In this blog series, UNDP experts and practitioners share their experiences and views on working with the Millennium Development Goals.

I remember meeting with partners in the Cabinet of Ministers in 2002-3, working as a poverty reduction consultant.  I was advised not to bring up the topic of Millenium Development Goals (MDGs) with government officials, as it would be insulting for them to compare their country with other developing countries. The Government officials were very proud of Uzbekistan’s well-developed health, education, and social protection systems and would not want to be associated with hunger and starving, unprotected children.

This perspective towards poverty and reaction to the MDGs was shared by many other countries in the region. For them, the decade preceding the Millennium Declaration in 2000 was not about reducing poverty or sustainable development. It was about finding their place in Europe and Eurasia, introducing (or surviving) market reforms, replacing communist structures with more democratic or at least pluralistic political systems, and recovering from economic crises and in some cases military conflicts.

This did not mean that problems of poverty, inequality and sustainable development were not relevant, but they were not on policy makers’ radar.  In Uzbekistan, the Government preferred to talk about a “welfare improvement” strategy to distinguish the country from those for which the $1.25 PPP poverty line was more suitable. But through the course of discussions and draft development strategies, the government officials gradually became receptive to the idea that the MDGs could be a guiding framework for the overall development agenda in the country.
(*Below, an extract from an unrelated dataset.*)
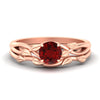 Load image into Gallery viewer, leaf-vine-round-solitaire-ruby-wedding-ring-set-in-rose-gold-fdens11688rogrudrsleep-nl-rg.jpg?v=1777270309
Subsequently, the MDGs helped focus the efforts of donors and national partners on particular goals, such as child and maternal mortality.  They put a focus on water security in a country where pipes and taps were linked to centralized systems, but still carried no water.  I remember field trips to areas devastated by the Aral Sea disaster, where villagers were supported in getting low-cost means to a sustainable water supply. I have pictures of children splashing joyfully in the water and memories of being invited to weddings - important social events to which an invitation signified gratitude and the wish to give something in return. 

A particularly memorable event was an MDG awareness-raising campaign, launched jointly with the internationally famous Savitsky art museum in Karakalpakstan, the home of the world’s second largest collection of Russian avant-garde works of art from the 1920-50s, that organized a painting competition for children to illustrate the MDGs.

Over time, Uzbekistan has embraced and supported the MDGs. After years of discussion regarding MDG progress and indicators, the latest national MDG report presents the result of cooperation between the UN Country Team (UNCT) and the government. It generated frank discussions about many MDG-related issues which have been controversial, including HIV/AIDS targets and the use of global measurements of child and maternal mortality (which although suggesting higher mortality rates, have still confirmed the very positive downward trend achieved over the MDG period).

The last decade has been a success for development in Uzbekistan, not only because the MDG goals have been substantially reached, but also because the need for continued growth and improvement has shifted from a peripheral to major priority. With good will, and UNDP’s role as a main development partner strongly secured, there are well-founded hopes that the ‘SDG era’ will be just as promising.